━━━━━ SUPPLIED RECORDS ━━━━━

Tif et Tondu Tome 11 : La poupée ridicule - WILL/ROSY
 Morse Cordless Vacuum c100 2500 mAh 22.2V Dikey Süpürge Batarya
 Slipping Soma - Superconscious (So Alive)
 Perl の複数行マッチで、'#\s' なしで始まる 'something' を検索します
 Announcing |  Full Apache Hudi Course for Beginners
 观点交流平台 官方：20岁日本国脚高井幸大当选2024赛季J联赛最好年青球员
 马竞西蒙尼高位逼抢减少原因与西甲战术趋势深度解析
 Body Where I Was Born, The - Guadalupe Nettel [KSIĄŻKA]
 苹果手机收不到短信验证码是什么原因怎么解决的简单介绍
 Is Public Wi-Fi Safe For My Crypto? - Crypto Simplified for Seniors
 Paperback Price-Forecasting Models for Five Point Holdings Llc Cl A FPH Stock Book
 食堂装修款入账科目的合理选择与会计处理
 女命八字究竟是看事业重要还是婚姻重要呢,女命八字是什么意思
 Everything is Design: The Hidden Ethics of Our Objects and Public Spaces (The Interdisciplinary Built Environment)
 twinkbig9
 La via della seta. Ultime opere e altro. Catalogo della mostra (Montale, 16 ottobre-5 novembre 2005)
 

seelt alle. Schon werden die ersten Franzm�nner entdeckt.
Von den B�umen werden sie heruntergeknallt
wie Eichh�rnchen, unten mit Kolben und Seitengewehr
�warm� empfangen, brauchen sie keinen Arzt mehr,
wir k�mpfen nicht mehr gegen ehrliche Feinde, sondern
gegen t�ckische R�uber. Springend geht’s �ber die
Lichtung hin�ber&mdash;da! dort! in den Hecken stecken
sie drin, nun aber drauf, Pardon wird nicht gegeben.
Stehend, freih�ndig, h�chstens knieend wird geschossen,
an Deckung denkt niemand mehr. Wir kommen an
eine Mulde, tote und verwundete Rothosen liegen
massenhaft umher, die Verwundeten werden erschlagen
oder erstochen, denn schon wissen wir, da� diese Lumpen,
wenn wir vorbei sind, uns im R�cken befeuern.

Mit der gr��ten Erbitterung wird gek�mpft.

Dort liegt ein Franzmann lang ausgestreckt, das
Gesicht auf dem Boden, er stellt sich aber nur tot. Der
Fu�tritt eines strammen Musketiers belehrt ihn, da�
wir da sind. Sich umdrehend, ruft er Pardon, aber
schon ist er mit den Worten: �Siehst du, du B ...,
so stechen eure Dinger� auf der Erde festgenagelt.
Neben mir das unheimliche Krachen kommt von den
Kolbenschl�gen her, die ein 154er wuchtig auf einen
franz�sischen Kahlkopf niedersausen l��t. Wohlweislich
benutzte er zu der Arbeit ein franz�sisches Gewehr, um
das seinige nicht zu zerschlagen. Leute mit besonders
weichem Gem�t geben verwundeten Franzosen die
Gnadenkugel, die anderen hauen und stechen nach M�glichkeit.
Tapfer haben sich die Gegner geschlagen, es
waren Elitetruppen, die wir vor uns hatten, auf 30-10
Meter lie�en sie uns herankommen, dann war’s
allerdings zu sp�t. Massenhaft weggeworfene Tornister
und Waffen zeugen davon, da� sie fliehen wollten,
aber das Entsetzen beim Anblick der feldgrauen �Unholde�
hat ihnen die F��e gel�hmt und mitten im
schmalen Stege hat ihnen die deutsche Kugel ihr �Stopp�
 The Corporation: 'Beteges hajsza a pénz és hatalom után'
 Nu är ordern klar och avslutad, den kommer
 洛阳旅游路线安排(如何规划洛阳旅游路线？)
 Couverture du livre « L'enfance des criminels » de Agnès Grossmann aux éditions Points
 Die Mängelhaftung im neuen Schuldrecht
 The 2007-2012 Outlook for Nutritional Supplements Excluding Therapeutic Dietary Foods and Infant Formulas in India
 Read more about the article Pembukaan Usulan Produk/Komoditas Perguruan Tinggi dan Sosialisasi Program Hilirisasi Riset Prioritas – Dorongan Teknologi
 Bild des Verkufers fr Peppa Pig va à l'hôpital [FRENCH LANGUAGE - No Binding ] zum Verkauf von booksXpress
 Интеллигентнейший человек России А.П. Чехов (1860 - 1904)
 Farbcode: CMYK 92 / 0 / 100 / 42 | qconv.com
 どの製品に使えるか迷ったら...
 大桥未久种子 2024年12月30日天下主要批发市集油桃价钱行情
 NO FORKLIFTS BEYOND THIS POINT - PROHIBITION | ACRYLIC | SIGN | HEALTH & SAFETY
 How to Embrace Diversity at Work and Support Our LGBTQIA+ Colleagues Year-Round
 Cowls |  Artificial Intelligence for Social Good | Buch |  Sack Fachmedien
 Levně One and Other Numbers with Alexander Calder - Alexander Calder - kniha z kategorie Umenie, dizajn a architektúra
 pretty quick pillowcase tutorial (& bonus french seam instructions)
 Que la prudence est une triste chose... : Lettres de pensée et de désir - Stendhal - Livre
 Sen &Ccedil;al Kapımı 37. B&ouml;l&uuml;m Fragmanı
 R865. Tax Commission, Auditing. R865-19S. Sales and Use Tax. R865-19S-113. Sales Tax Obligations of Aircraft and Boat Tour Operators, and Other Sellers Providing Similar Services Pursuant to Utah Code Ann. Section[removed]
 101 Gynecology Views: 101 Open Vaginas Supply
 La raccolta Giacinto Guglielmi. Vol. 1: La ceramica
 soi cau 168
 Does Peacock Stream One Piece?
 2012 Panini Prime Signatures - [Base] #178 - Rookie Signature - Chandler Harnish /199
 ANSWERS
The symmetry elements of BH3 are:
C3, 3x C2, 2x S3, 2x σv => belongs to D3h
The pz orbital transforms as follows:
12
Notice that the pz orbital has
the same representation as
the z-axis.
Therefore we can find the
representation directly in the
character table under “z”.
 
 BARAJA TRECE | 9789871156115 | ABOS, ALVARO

━━━━━

■ EXERCISE OBJECTIVE:
Begin at the line that has "empfangen, brauchen sie" in the entries above; stop after the line that has "洛阳旅游路线安排(如何规划洛阳旅游路线？)". Transcribe exactly those lines and no others.

■ YOUR RESPONSE:
�warm� empfangen, brauchen sie keinen Arzt mehr,
wir k�mpfen nicht mehr gegen ehrliche Feinde, sondern
gegen t�ckische R�uber. Springend geht’s �ber die
Lichtung hin�ber&mdash;da! dort! in den Hecken stecken
sie drin, nun aber drauf, Pardon wird nicht gegeben.
Stehend, freih�ndig, h�chstens knieend wird geschossen,
an Deckung denkt niemand mehr. Wir kommen an
eine Mulde, tote und verwundete Rothosen liegen
massenhaft umher, die Verwundeten werden erschlagen
oder erstochen, denn schon wissen wir, da� diese Lumpen,
wenn wir vorbei sind, uns im R�cken befeuern.

Mit der gr��ten Erbitterung wird gek�mpft.

Dort liegt ein Franzmann lang ausgestreckt, das
Gesicht auf dem Boden, er stellt sich aber nur tot. Der
Fu�tritt eines strammen Musketiers belehrt ihn, da�
wir da sind. Sich umdrehend, ruft er Pardon, aber
schon ist er mit den Worten: �Siehst du, du B ...,
so stechen eure Dinger� auf der Erde festgenagelt.
Neben mir das unheimliche Krachen kommt von den
Kolbenschl�gen her, die ein 154er wuchtig auf einen
franz�sischen Kahlkopf niedersausen l��t. Wohlweislich
benutzte er zu der Arbeit ein franz�sisches Gewehr, um
das seinige nicht zu zerschlagen. Leute mit besonders
weichem Gem�t geben verwundeten Franzosen die
Gnadenkugel, die anderen hauen und stechen nach M�glichkeit.
Tapfer haben sich die Gegner geschlagen, es
waren Elitetruppen, die wir vor uns hatten, auf 30-10
Meter lie�en sie uns herankommen, dann war’s
allerdings zu sp�t. Massenhaft weggeworfene Tornister
und Waffen zeugen davon, da� sie fliehen wollten,
aber das Entsetzen beim Anblick der feldgrauen �Unholde�
hat ihnen die F��e gel�hmt und mitten im
schmalen Stege hat ihnen die deutsche Kugel ihr �Stopp�
 The Corporation: 'Beteges hajsza a pénz és hatalom után'
 Nu är ordern klar och avslutad, den kommer
 洛阳旅游路线安排(如何规划洛阳旅游路线？)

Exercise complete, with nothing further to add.